The code needs serious refactoring; there is a ton of repetition in it - however, I also have a job that I'm supposed to do.
#!/usr/bin/awk -f
BEGIN{
z[1] = 0;
z[2] = 200;
z[3] = 400;
z[4] = 600;
}
{
for (i = 1; i <= NF; i++)
{
centr[i] = $i
}
if (NF > 2)
{
lsq(NF, z, centr);
}
}
function lsq(n, x, y)
{
if (n == 0) return
sx = 0.0
sy = 0.0
sxx = 0.0
syy = 0.0
sxy = 0.0
for (i = 1; i <= n; i++)
{
print "x[" i "] = " x[i] ", y[" i "] = " y[i]
sx += x[i]
sy += y[i]
sxx += x[i]*x[i]
sxy += x[i]*y[i]
syy += y[i]*y[i]
}
if ((n*sxx - sx*sx) == 0) return
# print "number of data points = " n;
a = (sxx*sy-sxy*sx)/(n*sxx-sx*sx)
b = (n*sxy-sx*sy)/(n*sxx-sx*sx)
for (i = 1; i <= n; i++)
{
ycalc[i] = a+b*x[i]
}
print "# Intercept = " a
print "# Slope = " b
print "Line: x = " a " + " b " * y"
for (i = 1; i <= n; i++)
{
printf("x = %8g, yo = %8g, yc = %8g\n", x[i], y[i], ycalc[i])
}
print ""
print "Different subsets\n"
for (drop = 1; drop <= n; drop++)
{
print "Subset " drop
sx = sy = sxx = sxy = syy = 0
j = 1
for (i = 1; i <= n; i++)
{
if (i == drop) continue
print "x[" j "] = " x[i] ", y[" j "] = " y[i]
sx += x[i]
sy += y[i]
sxx += x[i]*x[i]
sxy += x[i]*y[i]
syy += y[i]*y[i]
j++
}
if (((n-1)*sxx - sx*sx) == 0) continue
a = (sxx*sy-sxy*sx)/((n-1)*sxx-sx*sx)
b = ((n-1)*sxy-sx*sy)/((n-1)*sxx-sx*sx)
print "Line: x = " a " + " b " * y"
xt = x[drop]
yt = a + b * xt;
print "Interpolate: x = " xt ", y = " yt
}
}
Since awk doesn't provide an easy way to pass back multiple values from a function, nor does it provide structures other than arrays (sometimes associative), it is not perhaps the best language for this task. On the other hand, it can be made to do the job. You might be able to bundle the Least Squares calculation in a function that returns an array containing the slope and intercept, and then use that. Your turn to explore options.
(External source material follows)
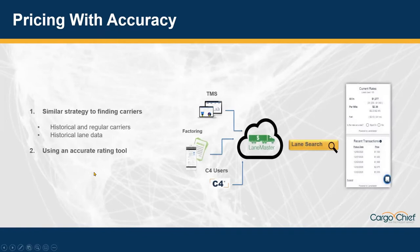Getting back into the slides, we saw how historical and regular carriers have an impact on how quick and easy it is to find that information in a TMS like BrokerPro. The pricing aspect sometimes starts with a similar strategy to finding carriers — where in a TMS or tools like C4, while looking at historical capacity, you can quickly see what rates a carrier ran that lane for last. When going outside of that into lanes you don't have history on, an accurate rating tool is hands down one of the most important things you need, in parallel with that capacity source.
Given the script lsq.awk and the input file lsq.data shown, I get the output shown:
$ cat lsq.data
17.1685 21.6875 20.2393 26.3158
$ awk -f lsq.awk lsq.data
x[1] = 0, y[1] = 17.1685
x[2] = 200, y[2] = 21.6875
x[3] = 400, y[3] = 20.2393
x[4] = 600, y[4] = 26.3158
# Intercept = 17.4537
# Slope = 0.0129968
Line: x = 17.4537 + 0.0129968 * y
x = 0, yo = 17.1685, yc = 17.4537
x = 200, yo = 21.6875, yc = 20.0531
x = 400, yo = 20.2393, yc = 22.6525
x = 600, yo = 26.3158, yc = 25.2518
Different subsets
Subset 1
x[1] = 200, y[1] = 21.6875
x[2] = 400, y[2] = 20.2393
x[3] = 600, y[3] = 26.3158
Line: x = 18.1192 + 0.0115708 * y
Interpolate: x = 0, y = 18.1192
Subset 2
x[1] = 0, y[1] = 17.1685
x[2] = 400, y[2] = 20.2393
x[3] = 600, y[3] = 26.3158
Line: x = 16.5198 + 0.0141643 * y
Interpolate: x = 200, y = 19.3526
Subset 3
x[1] = 0, y[1] = 17.1685
x[2] = 200, y[2] = 21.6875
x[3] = 600, y[3] = 26.3158
Line: x = 17.7985 + 0.0147205 * y
Interpolate: x = 400, y = 23.6867
Subset 4
x[1] = 0, y[1] = 17.1685
x[2] = 200, y[2] = 21.6875
x[3] = 400, y[3] = 20.2393
Line: x = 18.163 + 0.007677 * y
Interpolate: x = 600, y = 22.7692
$
Edit: In the previous version of the answer, the subsets were multiplying by n instead of (n-1). The values in the revised output seem to agree with what you expect. The residual issues are presentational, not computational.